November commercial disappearance outpaces milk marketings
Monthly commercial disappearance of milk used in all dairy products has surpassed U.S. dairy farmer milk marketings for the same month for six consecutive months, according to USDA’s monthly Dairy Data report.
Commercial disappearance of milk used in all dairy products during November 2013 totaled 17.72 billion lbs., 5.4% more than November 2012, and about 1.79 billion lbs. more than total U.S. producer milk marketings for the month. Monthly commercial disappearance has surpassed milk marketings since June.
Producer milk marketings for November 2013 totaled 15.93 billion lbs. Adding to available supplies, beginning commercial stocks totaled 12.78 billion lbs., and imports for the month totaled 295 million lbs., for a total of 29.01 billion lbs., the lowest level of the year
At the end of November 2013, ending commercial stocks totaled 11.83 billion lbs., down about 953 million lbs. compared to October 2013, but still about 529 million lbs. more than November 2012.

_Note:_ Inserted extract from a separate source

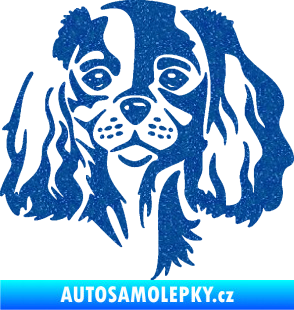 Samolepka Pes 132 pravá Cavalier king Charles spaniel Ultra Metalic modrá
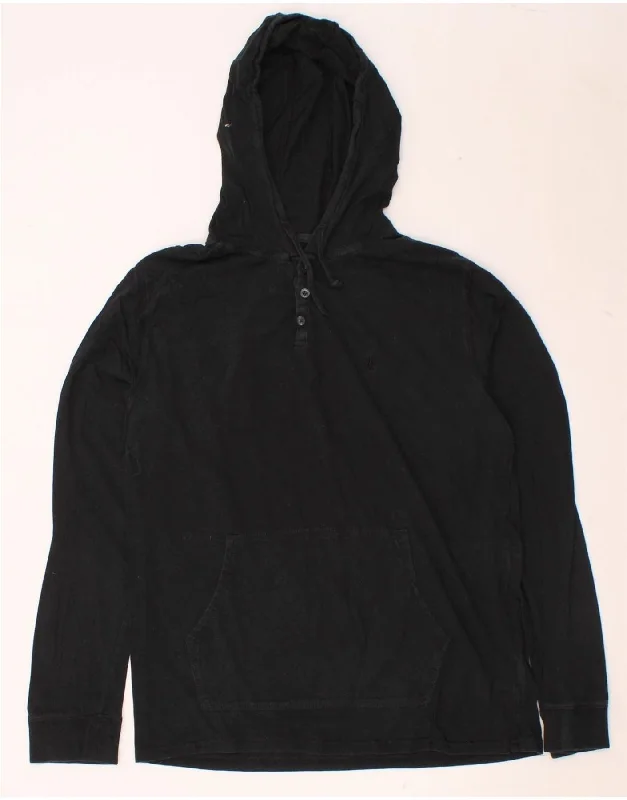 VOLCOM Mens Hoodie Jumper Medium Black Cotton Hoodie with Elastic Cuffs Stretchable Comfortable VOLCOM Mens Hoodie Jumper Medium Black Cotton Hoodie with Elastic Cuffs Stretchable Comfortable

CWT assists with 7.4 million lbs. of cheese, butter export sales
Cooperatives Working Together (CWT) accepted 29 requests for export assistance from Bongards Creameries, Dairy Farmers of America, Foremost Farms USA, Maryland Virginia Milk Producers Cooperative Association and Tillamook County Creamery Association to sell 5.758 million lbs. of cheddar, Gouda and Monterey Jack cheese and 551,156 lbs. of butter to customers in Asia, Central America, the Middle East and North Africa. The product will be delivered January through June 2014.

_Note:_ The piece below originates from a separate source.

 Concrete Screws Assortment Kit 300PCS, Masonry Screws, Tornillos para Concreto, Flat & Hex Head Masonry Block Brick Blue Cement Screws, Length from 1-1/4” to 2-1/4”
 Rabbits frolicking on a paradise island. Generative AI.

Year-to-date, CWT has assisted member cooperatives in selling 8.494 million lbs. of cheese and 3.542 million lbs. of butter to 12 countries on four continents. These sales are the equivalent of 158 million lbs. of milk on a milkfat basis.
Source: Cooperatives Working Together
NFDM headed for record
While the dramatic increase in cheddar cheese prices are important for the determination of Class III milk prices under federal orders and Class 4b prices under the California system, a similar dramatic story can be told with respect to nonfat dry milk (NFDM) prices, according to Brian Gould, University of Wisconsin-Madison dairy economist.

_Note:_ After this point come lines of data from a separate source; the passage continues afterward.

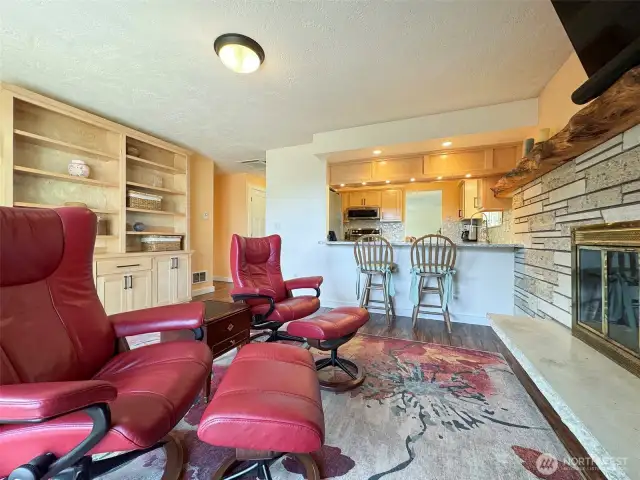 Family Room with Eating Bar off Kitchen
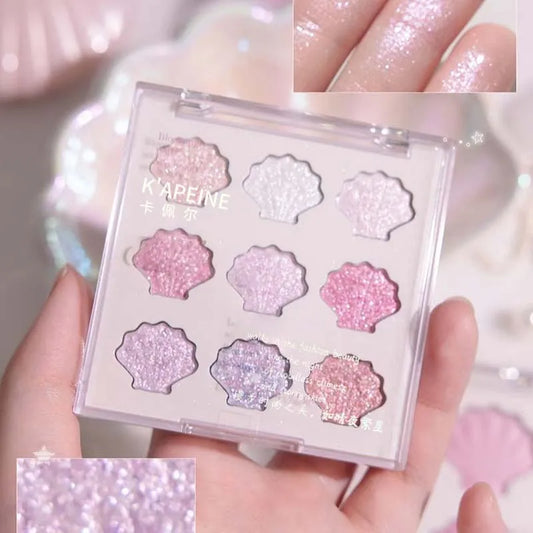Shell Fairy Pearlescent Eyeshadow Palette Aurora Peach Shimmer Sparkling Sequins Pearl Eyeshadow Highlighter Bright Shiny Makeup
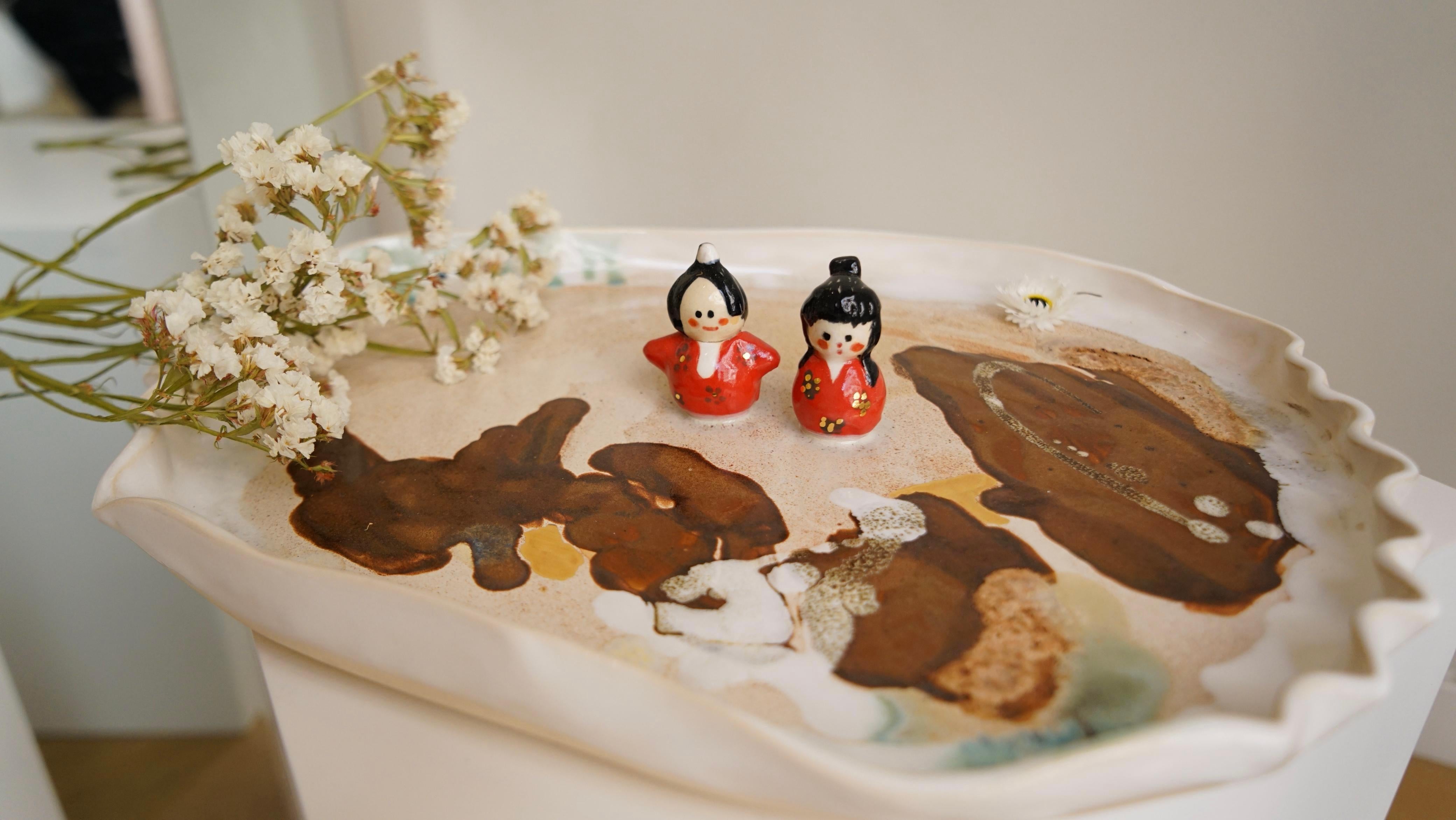 Plat de service Yuzu en STONEWARE par Hania Jneid en vente 1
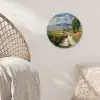 Mensen - Wandelen - Zandpad - Velden Wandcirkel kunststof plaat 5mm dik klein -sfeer5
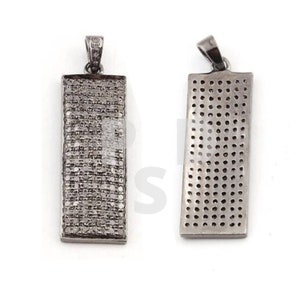 Pave Diamant Rechteck Bar Anhänger, Pave Diamant Bar Anhänger, Pave Diamant Rechteck Anhänger, Pave Diamant Schmuck, Pave Diamant Anhänger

NFDM helps drive the Class IV price determination under federal orders and Class 4a for California.
Since April 2013 there has been a relatively constant increase in NFDM prices. Gould reminds readers that under the FMMO system, the higher of the Advanced Class III and IV prices determines the Class I (beverage milk) base price. The advanced Class IV price has been the mover since March 2013.